Ministra Cármen Lúcia preside sessão da 2ª turma do STF.

O governo não tem poder para investigar pessoas sem motivo, avaliou a ministra Cármen Lúcia, do Supremo Tribunal Federal, em julgamento nesta quinta (13/8) sobre os limites que devem ser impostos à Agencia Brasileira de Inteligência (Abin). A ministra relata ação proposta pelos partidos PSB e Rede que questiona decreto do presidente Jair Bolsonaro que cria nova unidade na Abin e cita o dossiê que o Ministério da Justiça fez listando servidores classificados como “antifascistas”.

Para Cármen Lúcia, “arapongagem é crime” e, quando praticada pelo Estado, “é ilícito gravíssimo”. Pelo voto dela, acompanhado pelos ministros Alexandre de Moraes, Luiz Barroso, Edson Fachin e Luiz Fux até a publicação desta reportagem, o fornecimento de informações por órgãos públicos à Abin precisa sempre ter uma motivação específica e levar em conta o interesse público.

Barroso adicionou que “é preciso sempre registrar quem pediu e quem recebeu as informações”.

O ministro disse ainda que reconhece a importância da inteligência para as questões de segurança pública e nacional, “e reconheço a possibilidade de alguns compartilhamentos [de informações], mas só pode compartilhar quando comprovado o interesse público, e jamais pra fins privados”.

Em seu voto, Fux lembrou que o presidente Bolsonaro “recentemente se queixou que a Abin deveria saber mais do que sabia” e disse que há motivos para dar a liminar.

A ação dos partidos, protocolada no último dia 5 de agosto com pedido de liminar, cita o Sistema Brasileiro de Inteligência, composto por 42 órgãos e chefiado pela Abin.

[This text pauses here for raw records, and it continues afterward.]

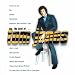 Tom Jones-Best of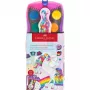 Acrylfarbe Faber-Castell 125035 Multi Mehrfarbig Erwachsene Kinder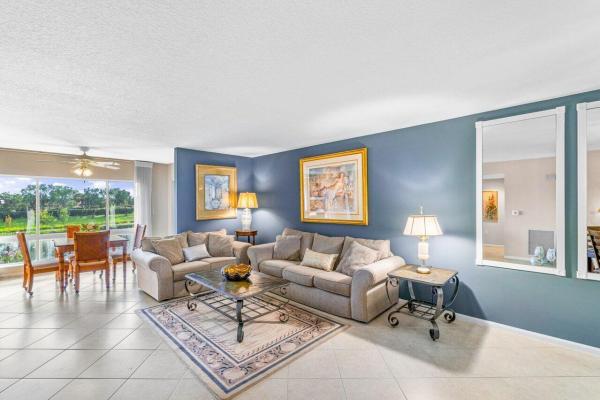 Regal Shores North At Coral Lakes, 5810 Crystal Shores Dr #301, Boynton Beach, Florida 33437, image 1
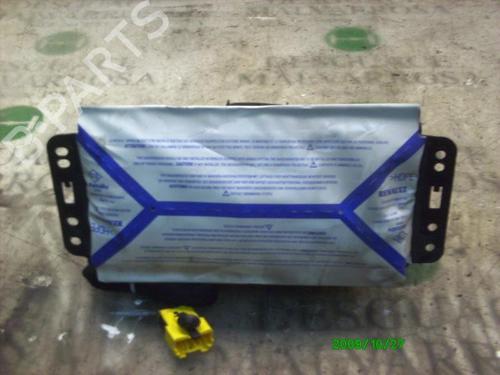 passenger-airbag-renault-laguna-ii-bg01_-2001-2002-2003-2004-2005-2006-2007-3740938 main image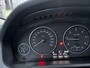 BMW X3 sDrive 18 d xLine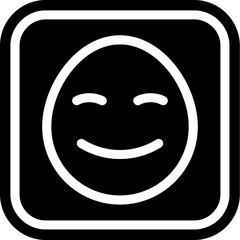 Emoji Icon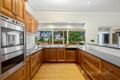 Property photo of 23 Kurrak Road Yarrambat VIC 3091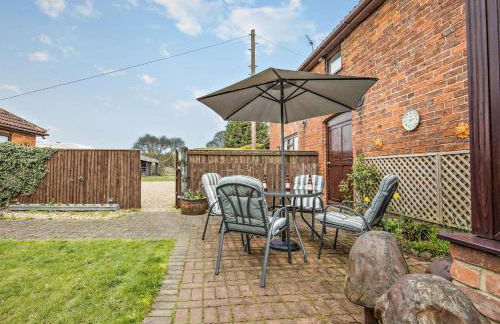 2 Bed in Louth oc-74152 - Foto 18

Quem gerencia todos esse sistema é o ministro general Augusto Heleno, chefe do Gabinete de Segurança Institucional (GSI).

Governo quer manter decreto
Na defesa do governo, o advogado-geral da União, José Levi, disse que a ação faz apenas “conjecturas” e fala de um “suposto poder inquisitório” da Abin, sem apresentar fatos.

A tendência, porém, é de vitória dos autores da ação.